索引组织
在InnoDB存储存储引擎中,表都是根据主键顺序组织存放的,这种存储方式的表称为索引组织表。在InnoDB存储引擎中,每张表都有个主键(primary key)。如果在创建表时没有显示地定义主键,则InnoDB存储引擎会按如下方式选择或创建主键:
- 首先判断表中是否有非空的唯一索引(Unique NOT NULL),如果有,则该列为主键;
- 如果不存在非空唯一索引,InnoDB存储引擎自动创建一个6字节大小的指针。
当表中有多个非空唯一索引时,InnoDB存储引擎将选择建表时第一个定义的非空唯一索引为主键。这里需要注意的是,主键的选择根据的是定义索引的顺序,而不是建表时列的顺序。

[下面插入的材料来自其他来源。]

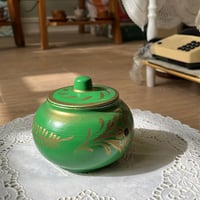 علبة نحاس صناعة هندية فنتج | رسم يدوي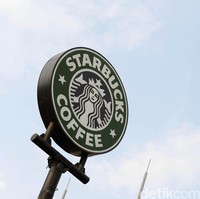 Dalam sebuah wawancara dengan The Seattle Times, salah satu pendiri Starbucks, Gordon Bowker, menceritakan ia melihat kata Starbo di sebuah peta pertambangan tua. Starbo kemudian diadaptasi menjadi Starbucks. Foto: Ari Saputra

-- 表a有单字段的主键,可以通过_rowid查看主键信息,主键信息就是主键字段
mysql> create table a(id int not null,b int primary key);
Query OK, 0 rows affected (2.58 sec)
mysql> insert into a values (2,20),(3,30);
Query OK, 2 rows affected (1.34 sec)
Records: 2 Duplicates: 0 Warnings: 0
mysql> select *,_rowid from a;
+----+----+--------+
| id | b | _rowid |
+----+----+--------+
| 2 | 20 | 20 |
| 3 | 30 | 30 |
+----+----+--------+
2 rows in set (0.00 sec)
-- 表b没有主键字段,有2个非空的唯一的索引,mysql默认选择第一个创建的非空的非唯一索引作为主键,通过_rowid查看主键信息,主键信息就是d字段
mysql> create table b(a int not null,b int,c int not null,d int not null,unique key(b),unique key (d),unique key(c));
Query OK, 0 rows affected (0.07 sec)
Query OK, 2 rows affected (0.00 sec)
Records: 2 Duplicates: 0 Warnings: 0
mysql> select *,_rowid from b;
+---+------+---+---+--------+
| a | b | c | d | _rowid |
+---+------+---+---+--------+
| 1 | 2 | 3 | 4 | 4 |
| 5 | 6 | 7 | 8 | 8 |
+---+------+---+---+--------+
2 rows in set (0.08 sec)
-- 表c没有主键字段,并且没有非空的唯一索引列,则无法通过_rowid查看主键信息,主键为默认的指针
mysql> create table c(a int not null,b int,c int not null,d int not null,unique key(b),key (d),key(c));
Query OK, 0 rows affected (0.43 sec)
mysql> insert into c values (1,2,3,4),(5,6,7,8);
Query OK, 2 rows affected (0.63 sec)
Records: 2 Duplicates: 0 Warnings: 0
mysql> select *,_rowid from c;
ERROR 1054 (42S22): Unknown column '_rowid' in 'field list'
-- 表e使用的联合主键,则无法通过_rowid查看主键信息
mysql> insert into e values(1,2),(3,4);
Query OK, 2 rows affected (0.54 sec)
Records: 2 Duplicates: 0 Warnings: 0
mysql> select *,_rowid from e;
ERROR 1054 (42S22): Unknown column '_rowid' in 'field list'
innodb逻辑存储结构
InnoDB存储引擎的逻辑存储结构和Oracle大致相同,所有数据都被逻辑地存放在一个空间中,我们称之为表空间(tablespace)。表空间又由段(segment)、区(extent)、页(page)组成。页在一些文档中有时也称为块(block),1 extent = 64 pages。
表空间
表空间可以看做是InnoDB存储引擎逻辑结构的最高层,所有的数据都是存放在表空间中。默认情况下InnoDB存储引擎有一个共享表空间ibdata1,即所有数据都放在这个表空间内。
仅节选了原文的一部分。